For simulation a production system, we can build on the class Simulation. This base class offers the support to implement almost arbitrarily complex production system scheduling logic. The simulations here a fully deterministic and execute a given MFC scenario given as an Instance.

Simulations have three groups of methods:

  • Methods starting with ctrl_* are for starting and resetting the simulation so that it can be started again. You may override them if you have additional need for initialization or clean-up.

  • Methods that start with event_* are methods that are invoked by the simulator to notify you about an event in the simulation. You can overwrite these methods to implement the logic of your production scheduling method.

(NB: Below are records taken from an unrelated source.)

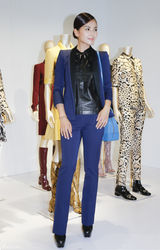 组图：刘涛亮相时尚活动 帅气造型性感十足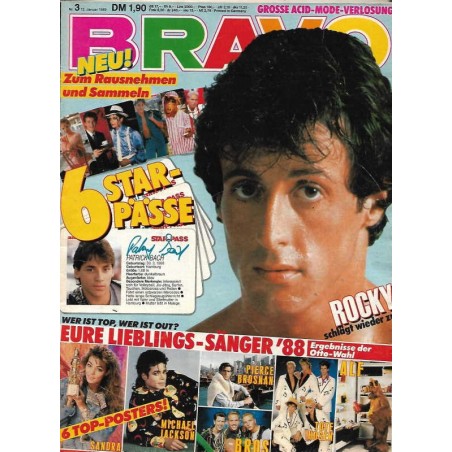BRAVO Nr.3 / 12 Januar 1989 - Rocky schlägt wieder zu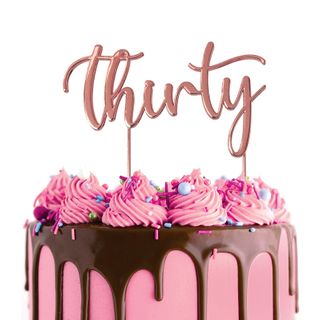 Thirty Metal Topper | Rose Gold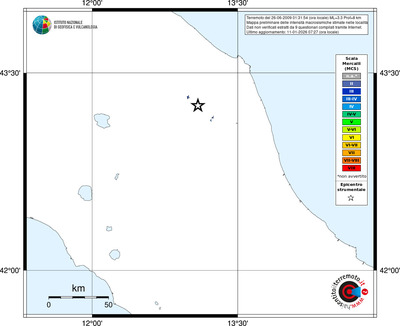 Mappa MCS - territori località
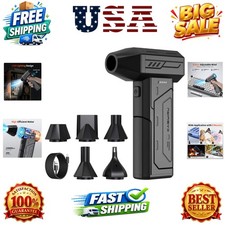 Compressed Air Duster,130000RPM Super Power Cordless Air Duster,Rechargeable ...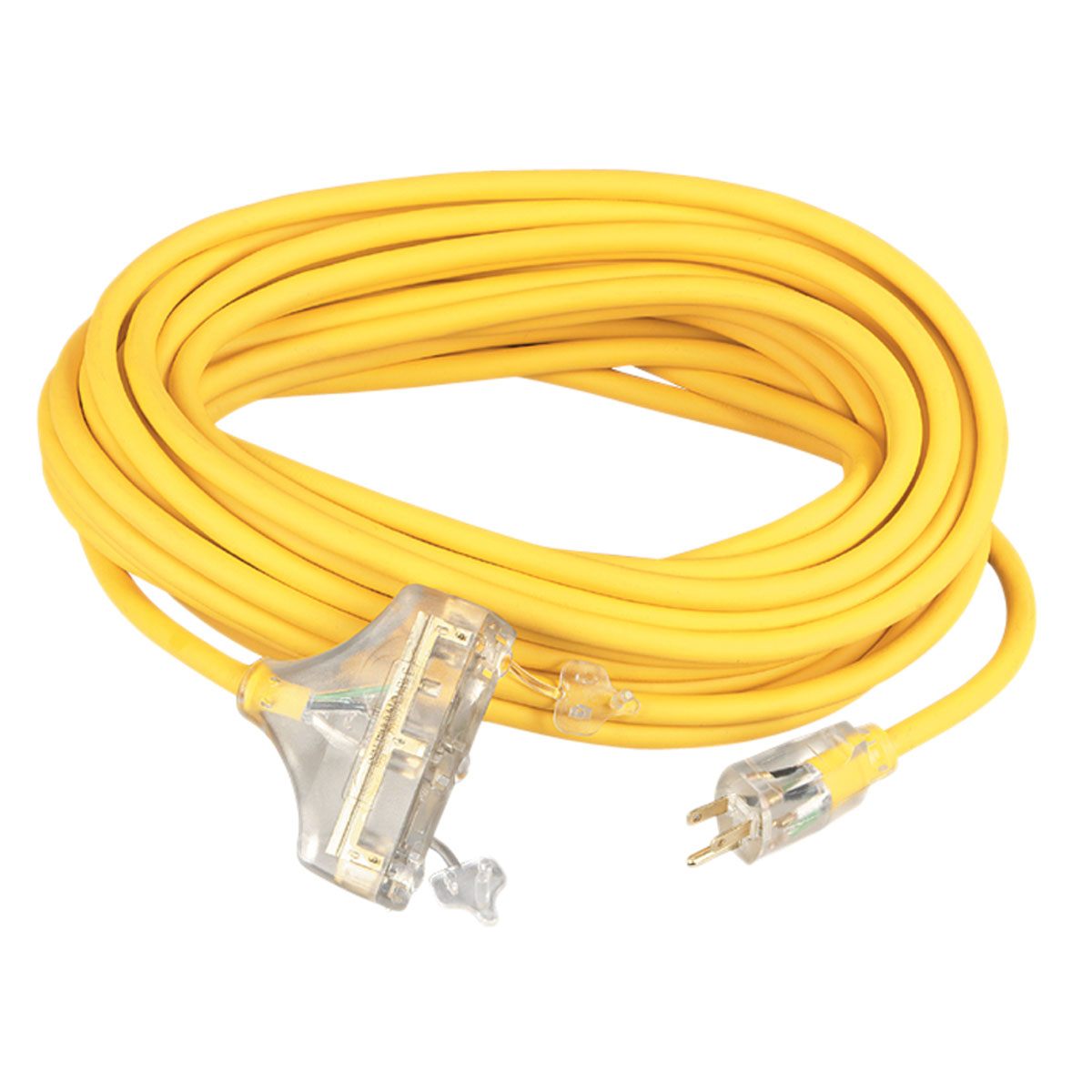 50' Power Indicating Power Block Extension Cord - Kimball Midwest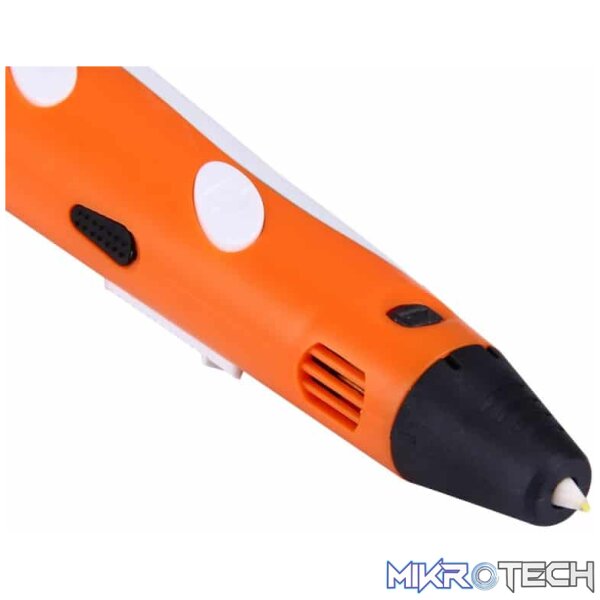 Hand-held 3D Printing Pen EU Plug(Orange) - Image 3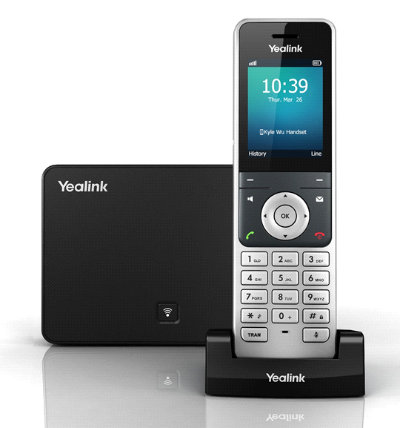 Yealink W56P SIP DECT phone and base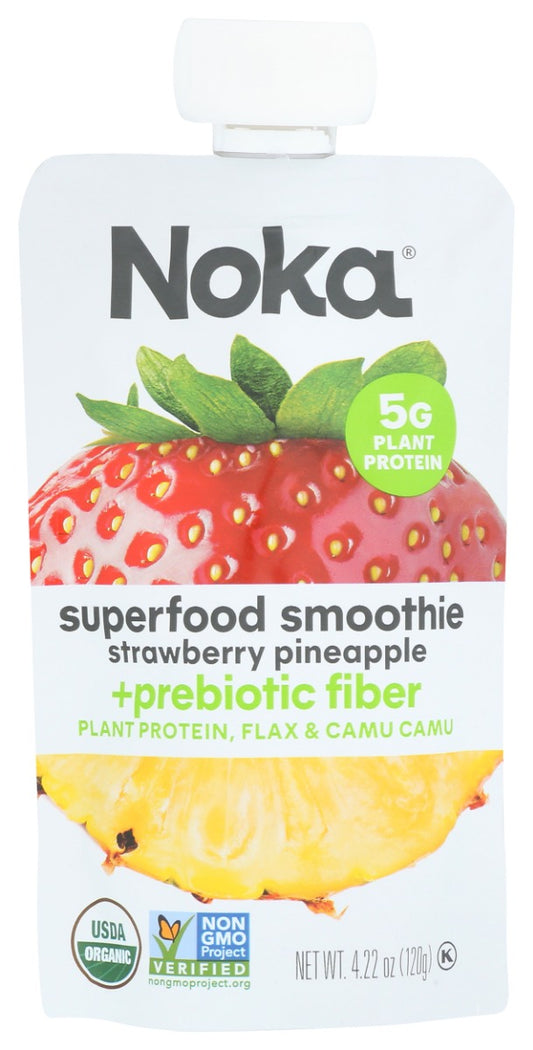NOKA: Strawberry Pineapple Superfood Smoothie Prebiotic Fiber, 4.22 oz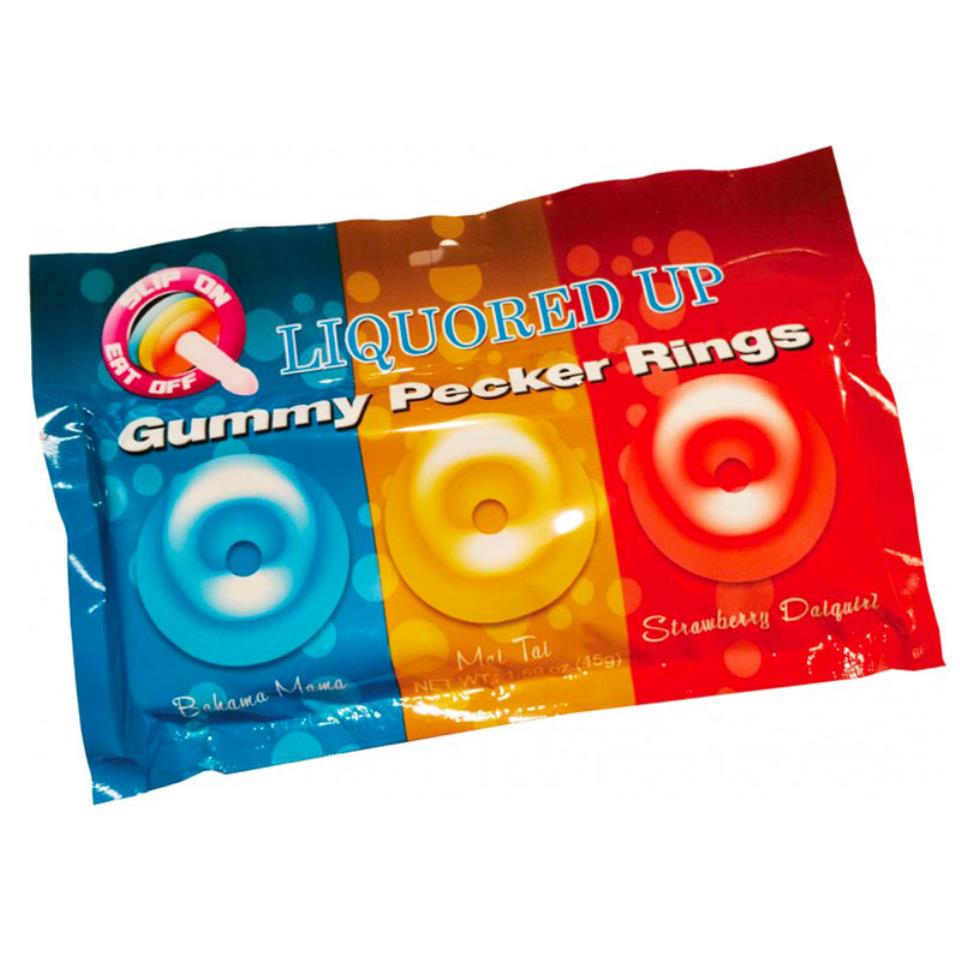 Liquored Up Gummy Pecker Cock Rings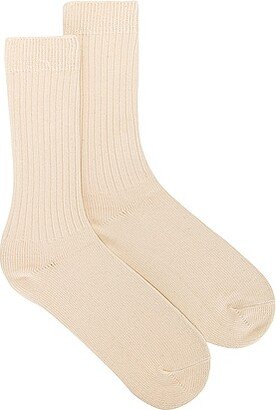 Recycled Cotton Socks in Cream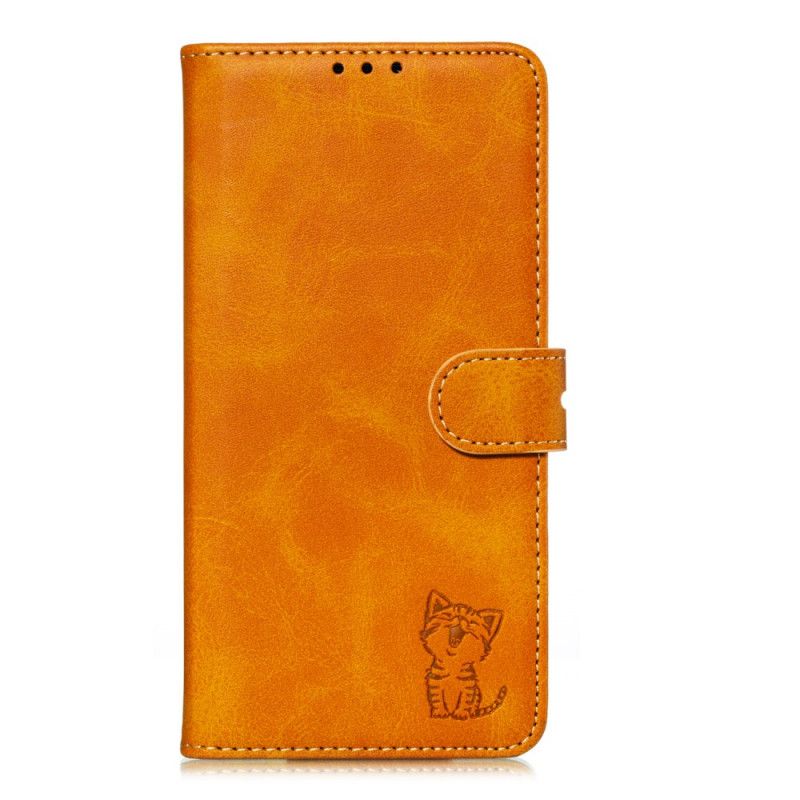 Etui Folio Xiaomi Redmi Note 8 Szary Czarny Kociak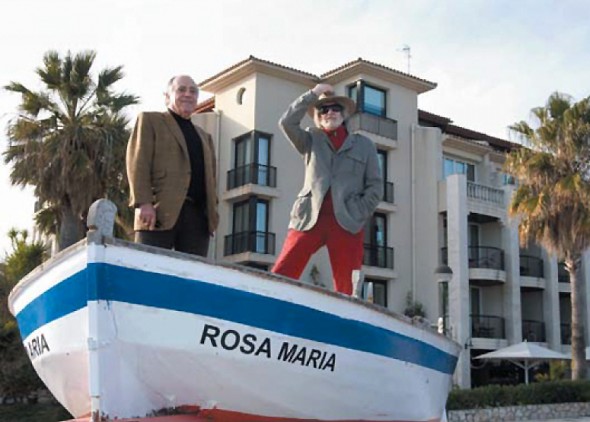 ARTE A CUERPO DE REY en Hotel del Arte, Sitges - Artículo sobre Puigmartí en el Diari de Vilanova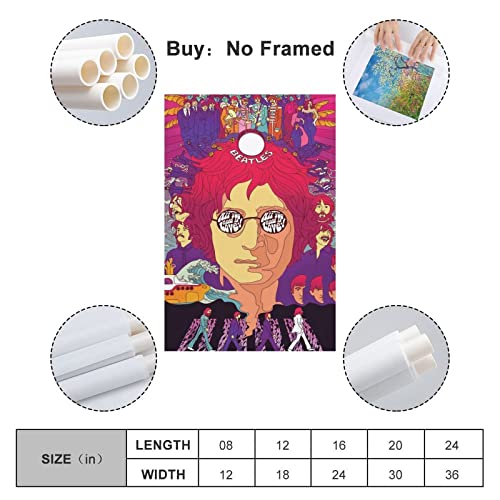 Peinture John Lennon Art (2) Poster Peinture John Lennon Art (2) Impression sur toile Poster moderne Bureau Famille Chambre à coucher Poster Décoration murale Cadeau 20 x 30 cm - Les Beatles, Paul McCartney, John Lennon, RIngo Starr, George Harrison Peinture John Lennon Art (2) Poster Peinture John Lennon Art (2) Impression sur toile Poster moderne Bureau Famille Chambre à coucher Poster Décoration murale Cadeau 20 x 30 cm – Image 3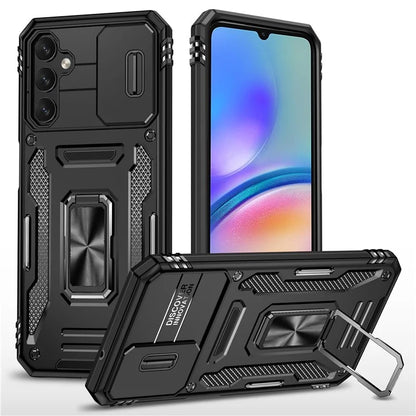 Armor Series For Samsung Galaxy A05s 4G Case Slide Lens Shield PC+TPU Anti-fall Phone Cover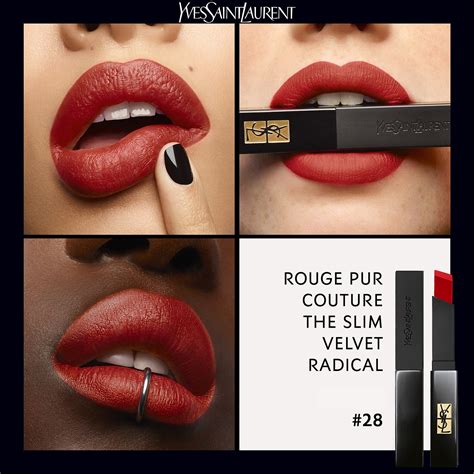 Yves Saint Laurent The Slim Velvet Radical Matte Lipstick .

  • Methods that start with act_* are actions that you can invoke inside the event_* methods. The tell the simulator or stations what to do.

An example of such specialized simulations is the ROPSimulation, which simulates the behavior of a system that uses re-order points (ROPs) to decide what to produce and when. In such a simulation, the event_*-methods are overwritten to invoke the act_*-methods according to their needs. Here, in the base class Simulation, they are implemented such to order the production of product units directly upon the arrival of customer demands. In the ROPSimulation on the other hand, products are produced base on re-order points.

## We have the following ctrl_* methods:**

  • ctrl_run() runs the simulation.

  • ctrl_reset() resets the simulator so that we can start it again. If you want to re-use a simulation, you need to first invoke ctrl_reset() to clear the internal state.

## We have the following event_* methods:**

  • event_product() is invoked by the simulation if one of the following three things happened:

    1. An amount of a product has been produced (amount > 0).

    2. An amount of a product has been made available at the start of the simulation to form the initial amount in the warehouse (amount > 0).

    3. A customer demand for the product has appeared in the system.

    In this method, you can store product into the warehouse, remove product from the warehouse, and/or mark a demand as completed.

## Examples

Here we have a very easy production scheduling instance. There is 1 product that passes through 2 stations. First it passes through station 0, then through station 1. The per-unit production time is always 10 time units on station 0 and 30 time units on station 2. There is one customer demand, for 10 units of this product, which enters the system at time unit 20. The warehouse is initially empty.

>>> instance = Instance(
...     name="test1", n_products=1, n_customers=1, n_stations=2, n_demands=1,
...     time_end_warmup=10, time_end_measure=4000,
...     routes=[[0, 1]],
...     demands=[[0, 0, 0, 10, 20, 100]],
...     warehous_at_t0=[0],
...     station_product_unit_times=[[[10.0, 10000.0]],
...                                 [[30.0, 10000.0]]])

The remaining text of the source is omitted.